By Jerome Hule
Panafrican NewsNovember 23, 1999
New York - UN Secretary General Kofi Annan has said it would be wrong for donor nations to divert resources meant for development in one region to finance emergency relief in another. In an interview in the current issue of "Choices", a publication of the UNDP, he underscored the fact that while emergency operations were necessary to save people in urgent need, the essential task of development involving the alleviation of poverty cannot be ignored. "In my discussions, including during the General Assembly, all the leaders and donor countries I spoke to assured me that they are not going to do that because they understand the essential task that we are engaged in is to alleviate poverty and foster development," he said
Some European countries had, in the wake of the Kosovo war, decided to cut their development assistance budget to finance humanitarian assistance to the displaced people of Kosovo. The UNDP has expressed concern that a situation like that would amount to diverting development assistance to a region like Africa. Annan also said that under current reforms at the UN, efforts would be made to develop its advocacy capacity to reach and engage governments and people to give liberally to help in the fight against poverty, for education, health and for other basic needs. "I believe we should also be able to advocate and push donor countries to do much more on development of the assistance issue," he added.
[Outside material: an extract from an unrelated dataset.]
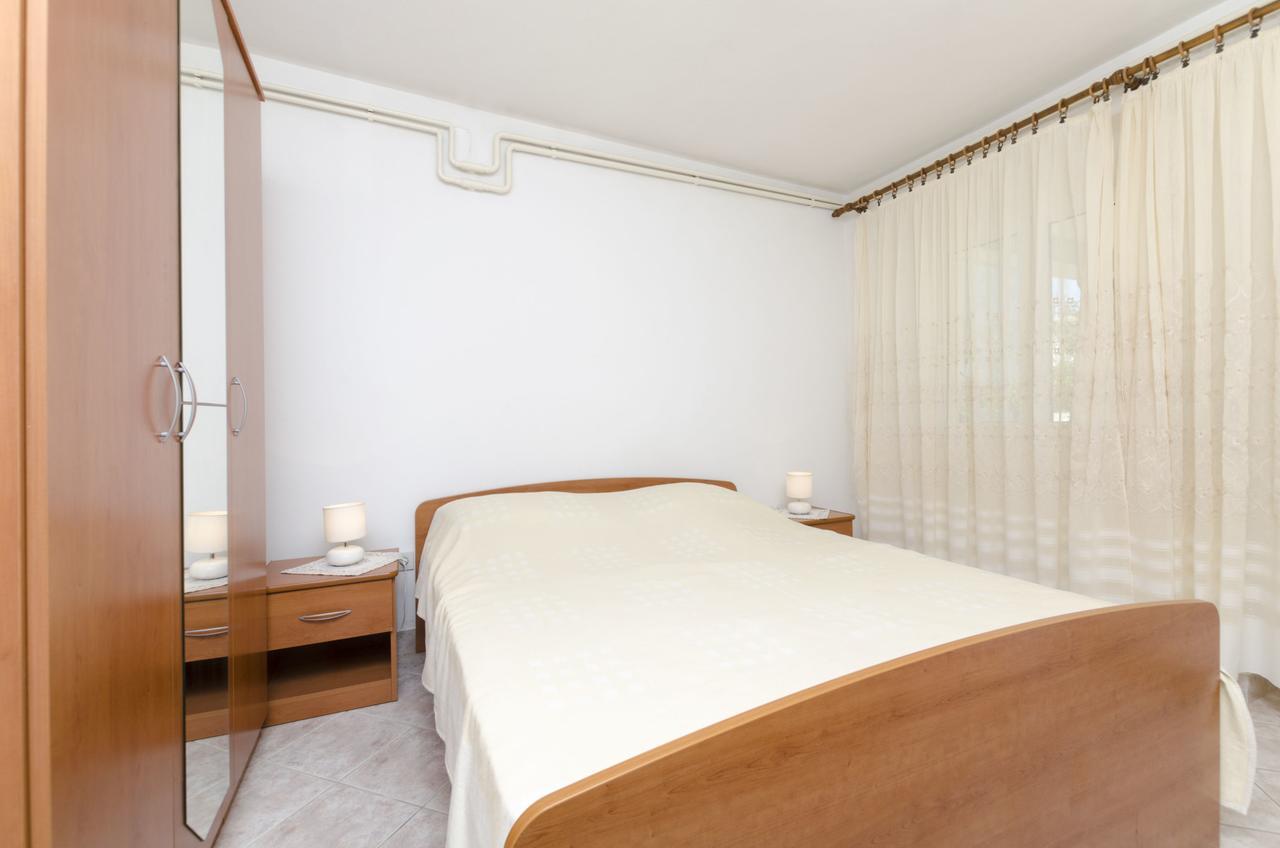 Apartments And Room Mate-Mare Primošten Kültér fotó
While current efforts is focussed on the debts of poor countries, Annan said, there is also need for donor countries to increase Official Development Assistance to assist developing countries to built basic institutions and thus lay the foundation for future development. In his discussion on the issues that would form the core of UN agenda in the next millennium, he added that the promotion of human security would be one of the major issues the UN will be dealing with. Human security, he explained, touched on the respect for individual rights and personal dignity and the ability of the individual to satisfy his basic necessities like health, education and long life. "Human security also touches on the question of peace, which is more than the absence of war, and on our ability to end conflicts because, in today's world, it is civilians who suffer from such conflicts," he said.
The challenge for the UN in this regard is to focus on the security of the individual within the state and not on the security of the state per se. "Nothing in the UN charter precludes a recognition that there are rights beyond borders," he said. "In short, the problem is not the deficiencies of the charter but our difficulties in applying its principles to a new era; an era when strictly traditional notions of sovereignty can no longer do justice to the aspirations of people everywhere to attain their fundamental freedoms."